Indeed, IBM, HP and Sun continue to invest in these larger systems. IBM last year rolled out the latest generation of its mainframe systems, the z9, which the company $1.2 billion to develop over three years. Along with offering twice the performance and memory as the previous z990, the system also included greater virtualization and security capabilities. Officials also lauded the platforms ability to run multiple workloads, including Linux.
In addition, a month after the z9 rollout, IBM launched new programs aimed at enticing students and programmers to the mainframe platform, and increased the management and monitoring capabilities.
IBM also is continuing to roll out its RISC-based Power architecture, outfitting its i- and pSeries systems with the new Power5+ and talking about the upcoming Power6. However, officials also are pushing the systems as perfect platforms for Linux workloads.

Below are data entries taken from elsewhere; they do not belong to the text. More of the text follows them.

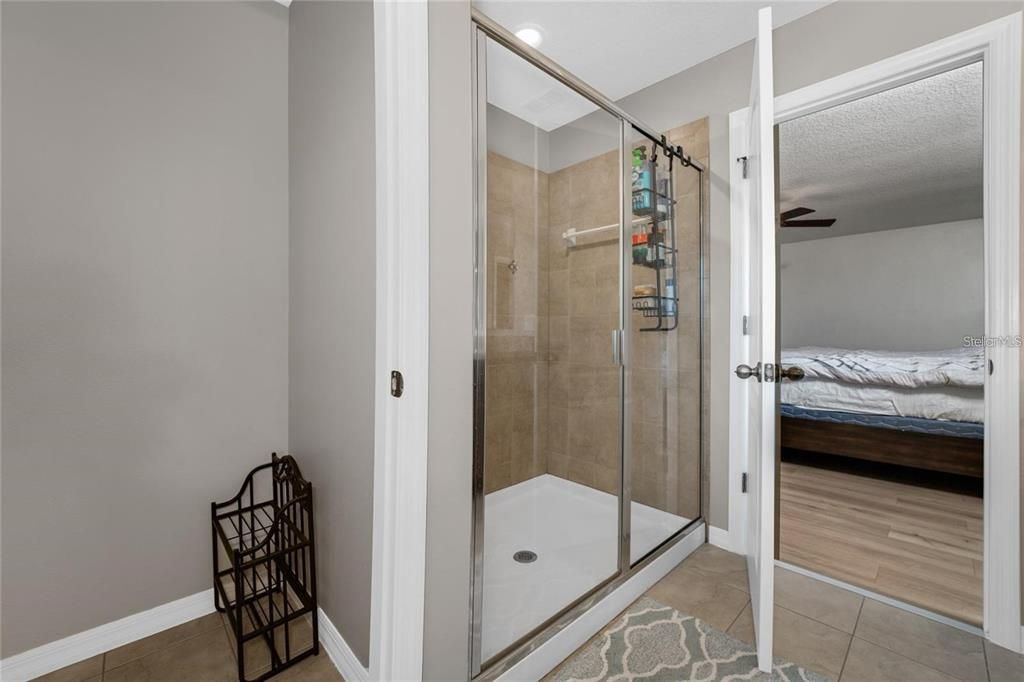 En Venta: $850,000 (5 camas, 3 baños, 3300 Pies cuadrados)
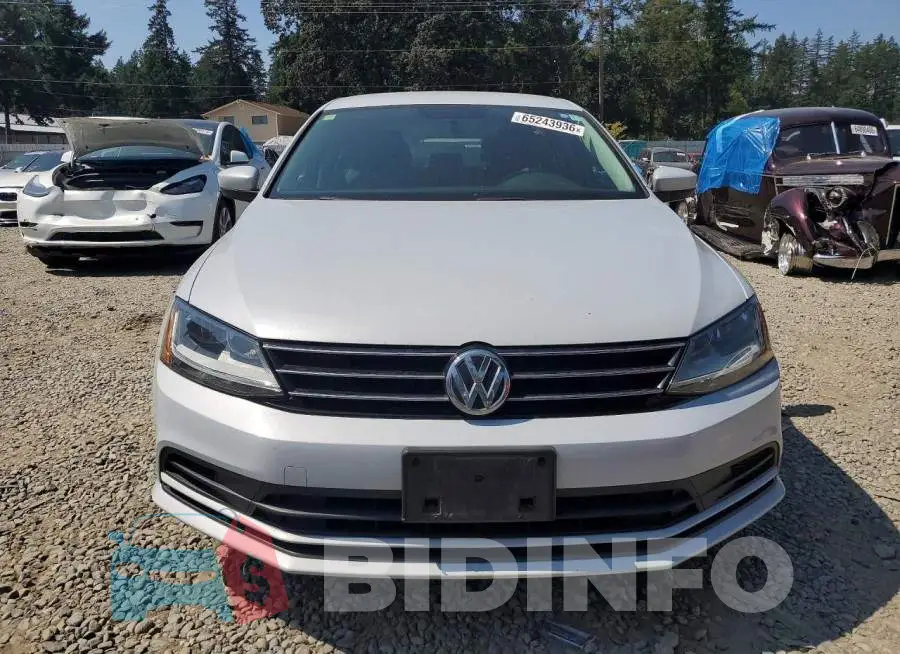 3VW2B7AJ4HM384759 Photo# 5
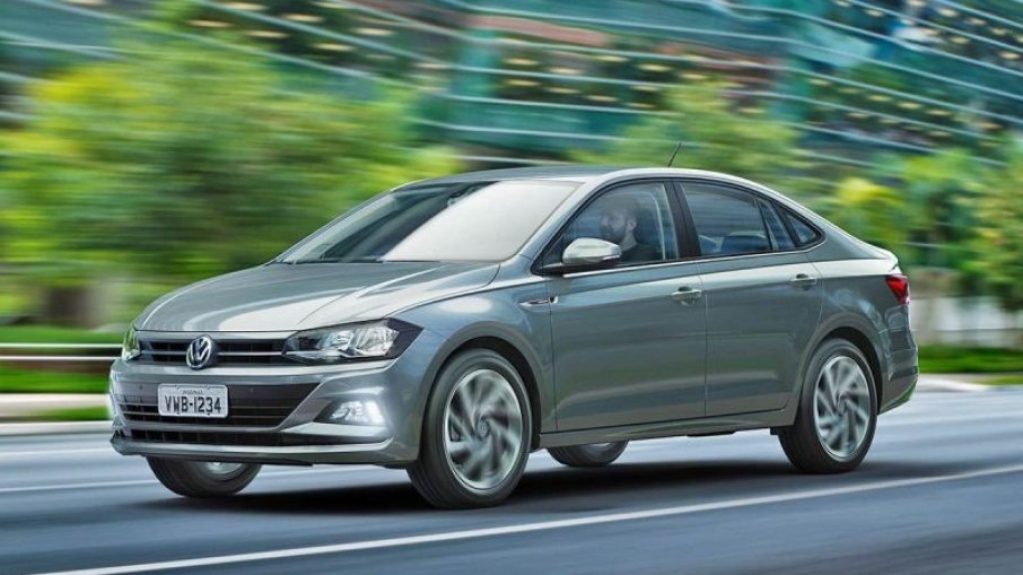 VW Polo e Virtus deixam de ser oferecidos com central multimídia de série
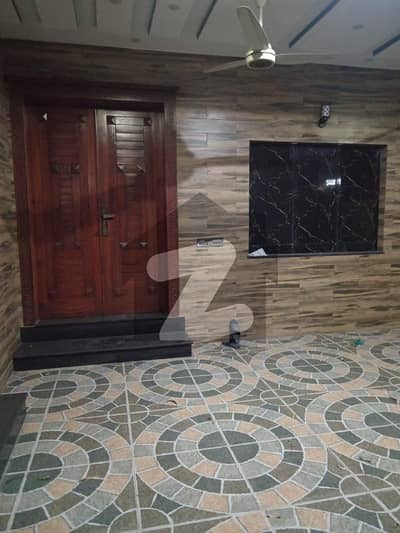 جوبلی ٹاؤن ۔ بلاک بی جوبلی ٹاؤن,لاہور میں 5 کمروں کا 10 مرلہ مکان 1.6 لاکھ میں کرایہ پر دستیاب ہے۔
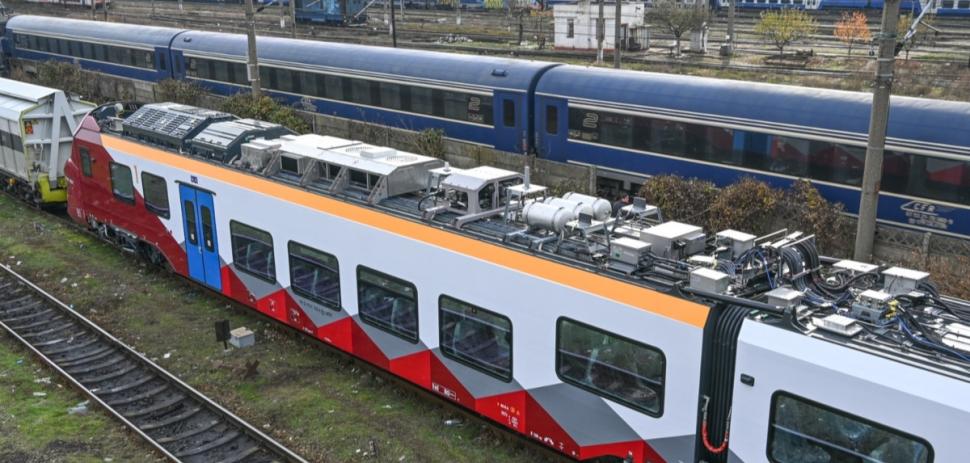Primul tren electric nou din România a pornit la drum. Printre călători s-a numărat și Ciolacu. Cât a durat drumul București-Brașov 936726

For their part, HP continues to standardize its high-end systems on Intels 64-bit Itanium chips, and Sun is offering an aggressive roadmap for its SPARC architecture. In December, the Santa Clara, Calif., company rolled out the UltraSPARC T1 chip, with up to eight cores each running up to four instructions simultaneously. With both the T1 and its Galaxy systems, powered by Advanced Micro Devices Opteron chip, Sun is aiming to break into areas dominated by x86 systems in which it doesnt traditionally play.
However, those markets are seeing an increase in capabilities as well. In 2005, both AMD and Intel launched their respective dual-core processors, moves designed to increase the performance of servers running the chips without relying solely on cranking up the frequency and thus making them more attractive for use with higher-end applications.
Both companies plan to expand the use of dual-core technology in their processors this year, along with such features as on-chip virtualization and security.